**REQUIREMENT**:
Please repeat the whole listing verbatim.

**INFORMATION GIVEN**:
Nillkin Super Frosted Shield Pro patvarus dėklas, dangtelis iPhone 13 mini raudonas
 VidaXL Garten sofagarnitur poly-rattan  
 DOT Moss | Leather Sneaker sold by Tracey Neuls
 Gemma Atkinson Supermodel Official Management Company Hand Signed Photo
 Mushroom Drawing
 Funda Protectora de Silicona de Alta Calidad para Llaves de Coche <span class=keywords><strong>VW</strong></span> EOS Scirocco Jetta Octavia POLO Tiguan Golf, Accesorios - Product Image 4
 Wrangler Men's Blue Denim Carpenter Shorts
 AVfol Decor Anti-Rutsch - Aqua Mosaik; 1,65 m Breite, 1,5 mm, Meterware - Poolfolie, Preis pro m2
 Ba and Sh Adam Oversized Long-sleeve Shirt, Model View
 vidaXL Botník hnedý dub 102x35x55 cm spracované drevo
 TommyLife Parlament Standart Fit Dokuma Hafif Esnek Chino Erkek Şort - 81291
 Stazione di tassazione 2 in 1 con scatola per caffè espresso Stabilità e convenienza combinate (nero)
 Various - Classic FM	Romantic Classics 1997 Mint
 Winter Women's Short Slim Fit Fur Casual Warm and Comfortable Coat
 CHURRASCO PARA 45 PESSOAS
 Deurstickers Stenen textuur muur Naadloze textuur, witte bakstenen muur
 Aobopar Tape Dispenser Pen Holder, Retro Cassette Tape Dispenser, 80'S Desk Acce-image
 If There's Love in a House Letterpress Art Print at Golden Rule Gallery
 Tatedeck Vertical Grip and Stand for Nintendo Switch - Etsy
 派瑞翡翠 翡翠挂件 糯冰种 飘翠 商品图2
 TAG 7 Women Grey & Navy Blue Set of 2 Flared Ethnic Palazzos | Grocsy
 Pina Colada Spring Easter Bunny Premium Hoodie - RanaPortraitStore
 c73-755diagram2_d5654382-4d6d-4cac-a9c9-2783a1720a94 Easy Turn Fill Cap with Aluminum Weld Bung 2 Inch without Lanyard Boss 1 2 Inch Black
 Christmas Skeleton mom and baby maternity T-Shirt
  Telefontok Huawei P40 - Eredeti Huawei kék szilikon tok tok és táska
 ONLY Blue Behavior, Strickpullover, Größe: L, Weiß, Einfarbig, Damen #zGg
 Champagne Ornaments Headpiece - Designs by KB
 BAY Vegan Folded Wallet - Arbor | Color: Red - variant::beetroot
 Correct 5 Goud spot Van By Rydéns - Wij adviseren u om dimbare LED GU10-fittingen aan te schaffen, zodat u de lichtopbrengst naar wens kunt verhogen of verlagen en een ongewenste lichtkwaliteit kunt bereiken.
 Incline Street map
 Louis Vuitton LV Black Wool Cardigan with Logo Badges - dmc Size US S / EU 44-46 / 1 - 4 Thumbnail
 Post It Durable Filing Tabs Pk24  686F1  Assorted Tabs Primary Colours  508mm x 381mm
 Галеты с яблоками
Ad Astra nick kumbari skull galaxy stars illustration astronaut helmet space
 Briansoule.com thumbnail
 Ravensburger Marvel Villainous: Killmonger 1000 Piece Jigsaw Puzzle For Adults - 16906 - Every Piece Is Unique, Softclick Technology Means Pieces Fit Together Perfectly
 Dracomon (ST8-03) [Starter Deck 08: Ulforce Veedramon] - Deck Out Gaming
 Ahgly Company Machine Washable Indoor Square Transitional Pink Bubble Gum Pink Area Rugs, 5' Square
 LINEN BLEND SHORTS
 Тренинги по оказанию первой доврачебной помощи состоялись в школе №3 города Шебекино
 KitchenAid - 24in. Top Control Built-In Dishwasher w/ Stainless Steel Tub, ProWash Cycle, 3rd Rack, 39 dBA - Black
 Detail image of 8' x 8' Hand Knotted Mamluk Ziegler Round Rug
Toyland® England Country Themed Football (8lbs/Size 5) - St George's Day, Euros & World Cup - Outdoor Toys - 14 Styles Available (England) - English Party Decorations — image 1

**TASK OUTPUT**:
Nillkin Super Frosted Shield Pro patvarus dėklas, dangtelis iPhone 13 mini raudonas
 VidaXL Garten sofagarnitur poly-rattan  
 DOT Moss | Leather Sneaker sold by Tracey Neuls
 Gemma Atkinson Supermodel Official Management Company Hand Signed Photo
 Mushroom Drawing
 Funda Protectora de Silicona de Alta Calidad para Llaves de Coche <span class=keywords><strong>VW</strong></span> EOS Scirocco Jetta Octavia POLO Tiguan Golf, Accesorios - Product Image 4
 Wrangler Men's Blue Denim Carpenter Shorts
 AVfol Decor Anti-Rutsch - Aqua Mosaik; 1,65 m Breite, 1,5 mm, Meterware - Poolfolie, Preis pro m2
 Ba and Sh Adam Oversized Long-sleeve Shirt, Model View
 vidaXL Botník hnedý dub 102x35x55 cm spracované drevo
 TommyLife Parlament Standart Fit Dokuma Hafif Esnek Chino Erkek Şort - 81291
 Stazione di tassazione 2 in 1 con scatola per caffè espresso Stabilità e convenienza combinate (nero)
 Various - Classic FM	Romantic Classics 1997 Mint
 Winter Women's Short Slim Fit Fur Casual Warm and Comfortable Coat
 CHURRASCO PARA 45 PESSOAS
 Deurstickers Stenen textuur muur Naadloze textuur, witte bakstenen muur
 Aobopar Tape Dispenser Pen Holder, Retro Cassette Tape Dispenser, 80'S Desk Acce-image
 If There's Love in a House Letterpress Art Print at Golden Rule Gallery
 Tatedeck Vertical Grip and Stand for Nintendo Switch - Etsy
 派瑞翡翠 翡翠挂件 糯冰种 飘翠 商品图2
 TAG 7 Women Grey & Navy Blue Set of 2 Flared Ethnic Palazzos | Grocsy
 Pina Colada Spring Easter Bunny Premium Hoodie - RanaPortraitStore
 c73-755diagram2_d5654382-4d6d-4cac-a9c9-2783a1720a94 Easy Turn Fill Cap with Aluminum Weld Bung 2 Inch without Lanyard Boss 1 2 Inch Black
 Christmas Skeleton mom and baby maternity T-Shirt
  Telefontok Huawei P40 - Eredeti Huawei kék szilikon tok tok és táska
 ONLY Blue Behavior, Strickpullover, Größe: L, Weiß, Einfarbig, Damen #zGg
 Champagne Ornaments Headpiece - Designs by KB
 BAY Vegan Folded Wallet - Arbor | Color: Red - variant::beetroot
 Correct 5 Goud spot Van By Rydéns - Wij adviseren u om dimbare LED GU10-fittingen aan te schaffen, zodat u de lichtopbrengst naar wens kunt verhogen of verlagen en een ongewenste lichtkwaliteit kunt bereiken.
 Incline Street map
 Louis Vuitton LV Black Wool Cardigan with Logo Badges - dmc Size US S / EU 44-46 / 1 - 4 Thumbnail
 Post It Durable Filing Tabs Pk24  686F1  Assorted Tabs Primary Colours  508mm x 381mm
 Галеты с яблоками
Ad Astra nick kumbari skull galaxy stars illustration astronaut helmet space
 Briansoule.com thumbnail
 Ravensburger Marvel Villainous: Killmonger 1000 Piece Jigsaw Puzzle For Adults - 16906 - Every Piece Is Unique, Softclick Technology Means Pieces Fit Together Perfectly
 Dracomon (ST8-03) [Starter Deck 08: Ulforce Veedramon] - Deck Out Gaming
 Ahgly Company Machine Washable Indoor Square Transitional Pink Bubble Gum Pink Area Rugs, 5' Square
 LINEN BLEND SHORTS
 Тренинги по оказанию первой доврачебной помощи состоялись в школе №3 города Шебекино
 KitchenAid - 24in. Top Control Built-In Dishwasher w/ Stainless Steel Tub, ProWash Cycle, 3rd Rack, 39 dBA - Black
 Detail image of 8' x 8' Hand Knotted Mamluk Ziegler Round Rug
Toyland® England Country Themed Football (8lbs/Size 5) - St George's Day, Euros & World Cup - Outdoor Toys - 14 Styles Available (England) - English Party Decorations — image 1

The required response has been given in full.